"Holland" Starring Nicole Kidman Is Disturbing—But Not In The Way You Might Expect
I knew I was about to watch a psychological thriller. I was unprepared for its unsettling concoction of bizarre, profound, surrealist, and vapid.

Holland starring Nicole Kidman and Matthew Macfadyen, and directed by Mimi Cave is marketed as a psychological thriller set in the idyllic and (we're led to assume) oppressive town of Holland, MI. The trailer is full of bright colors, intrigue, and hints of a terrible secret. From the teaser, I expected some type of commentary on an imagined sinister underbelly of the frugal, pragmatic, cloistered world of Holland. As a half-Dutch girl who lives in Michigan, I felt the need to see what kind of mockery Hollywood was going to make of my (admittedly extra) heritage. My husband and I watched it with another couple (the wife also happens to be part Dutch). We all love the real-life Holland, MI and were intrigued by the trailer.
Warning: This review contains spoilers.
As it turns out, the movie has very little to do with Holland at all, and everything to do with unpacking whether or not Kidman's character (fittingly named Nancy Vandergroot) is crazy or incredibly intuitive. While the movie feels painfully uneven and awkward at times, it explores the contours of women's intuition, appearance versus reality, and the potentially lethal implications of extreme emotional manipulation and gaslighting. It's disturbing, but not necessarily in the ways viewers might expect if they've watched the trailer.

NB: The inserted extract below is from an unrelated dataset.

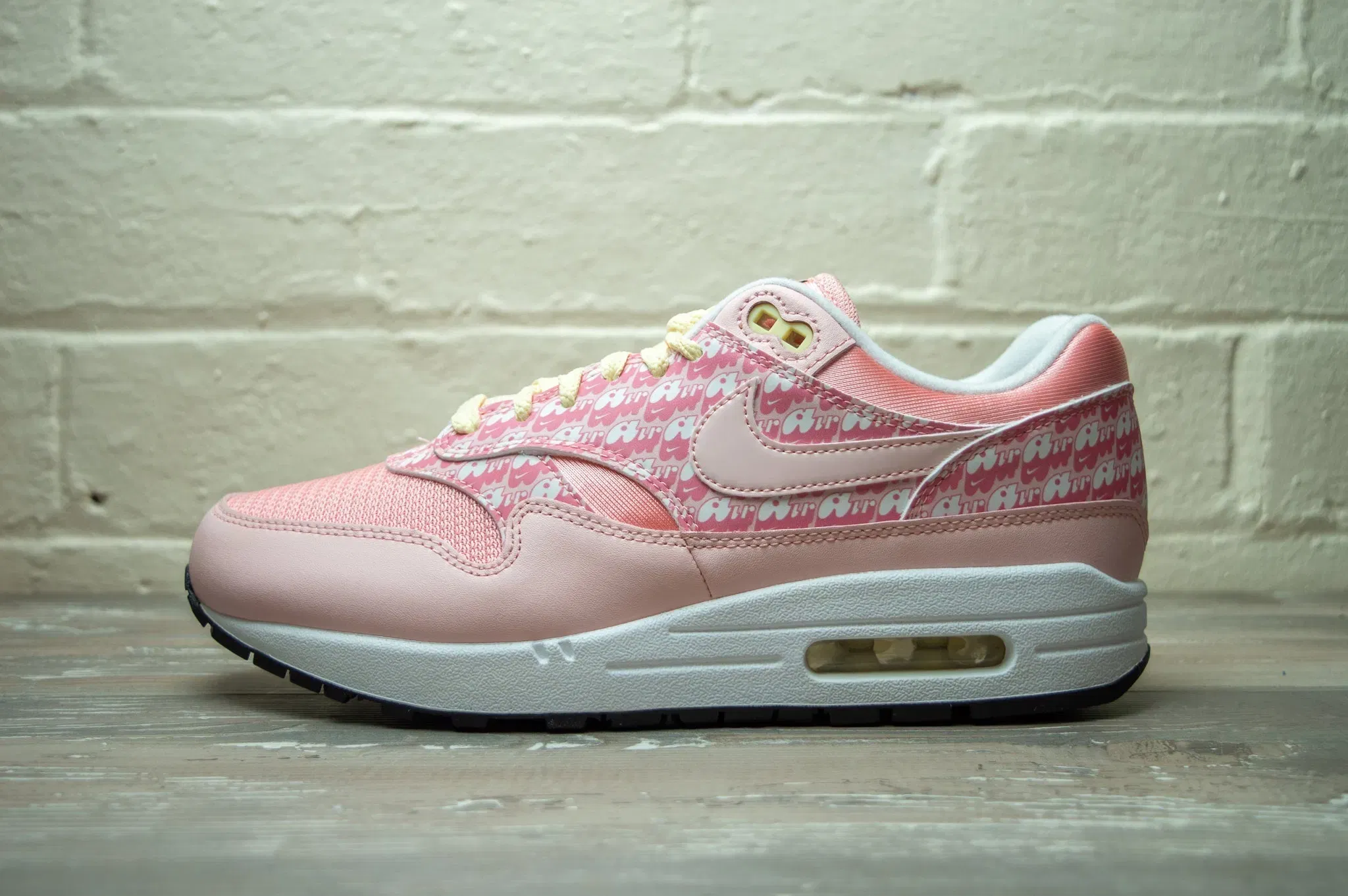 Nike Air Max 1 Premium Strawberry Lemonade CJ0609 600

Not Everything Is As It Seems in Holland
I'm not exactly sure what I expected from Holland, but I was emotionally exhausted by the end. If you’ve seen the trailer, you assume some kind of sinister and perhaps pervasive cult-like happenings will begin to occur. The story centers around a conventional family that appears happy on the surface, but the wife is obviously struggling (she tells another character that she feels as though her life is like breathing carbon monoxide–it's killing her without her even realizing it). However, it’s hard to tell what’s so terrible about Nancy’s life. Is she struggling with real injustices, or is she simply mentally disturbed? Sure, her husband is boring and infantilizes her a bit from the beginning of the movie, and her son wants to spend more time with his friends than with her, but from the outside, her life seems very quaint and stable. I knew something terrifying was brewing, but there was very little evidence of what that terrible something would be, since Nancy’s life is so mundane on the surface.

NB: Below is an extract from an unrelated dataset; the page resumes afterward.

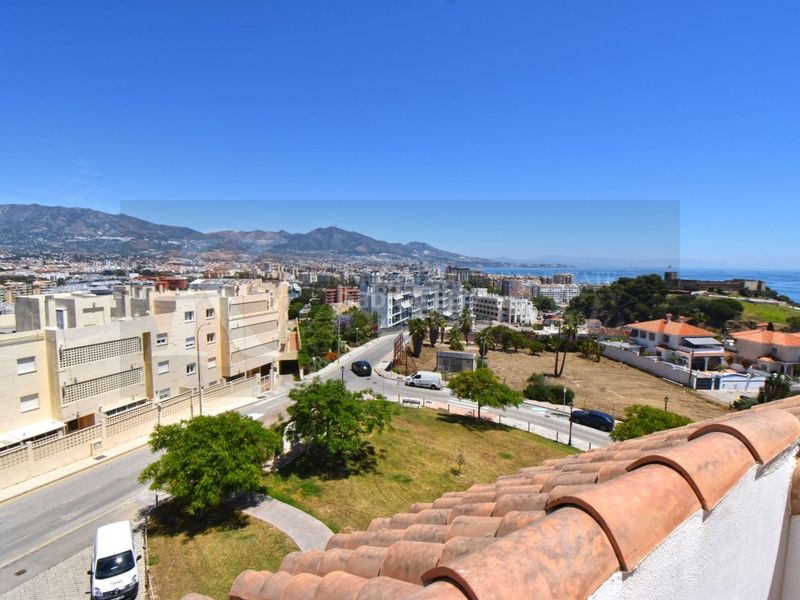 Foto 2a6b9f4d-ca66-4e50-ada0-a5eb4f30b335. Àtic amb aparcament a Castillo Sohail - Myramar Fuengirola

Nancy’s husband Fred appears to be a standard family man. He’s a local optometrist, has a model train village he works on with his son, and enthusiastically compliments Nancy’s cooking. He’s obviously not an exciting lover, and he seems to deal with Nancy’s apparent hysteria over small mishaps with a bit of dissociation and apathy, but he is not unlike the trope of the middle-aged father seen in many movies. He’s completely boring and seemingly harmless. Fred does exhibit some strange and controlling behaviors (not to mention some plain old creepy vibes) that surface early on, but to an unknowing observer, they could be chalked up to being nothing more than the actions of a burned-out and complacent husband who’s trying to keep a handle on peace in his home.
The first half of the movie appears to be a series of dead ends, as the audience is nearly convinced that Kidman's character Nancy is just a paranoid, fretful wife who believes her husband must be having an affair. Time and time again, we watch her make cringe-worthy mistakes as she assumes Fred is cheating on her, when in reality, all of his suspicious behaviors end up leading to perfectly normal resolutions. For example, Nancy calls a jewelry shop when she finds a receipt from a recent purchase made by Fred. She even asks the business if Fred said anything about buying jewelry for his mistress. Shortly after, she walks into her bedroom to find that Fred bought her a beautiful jewelry box.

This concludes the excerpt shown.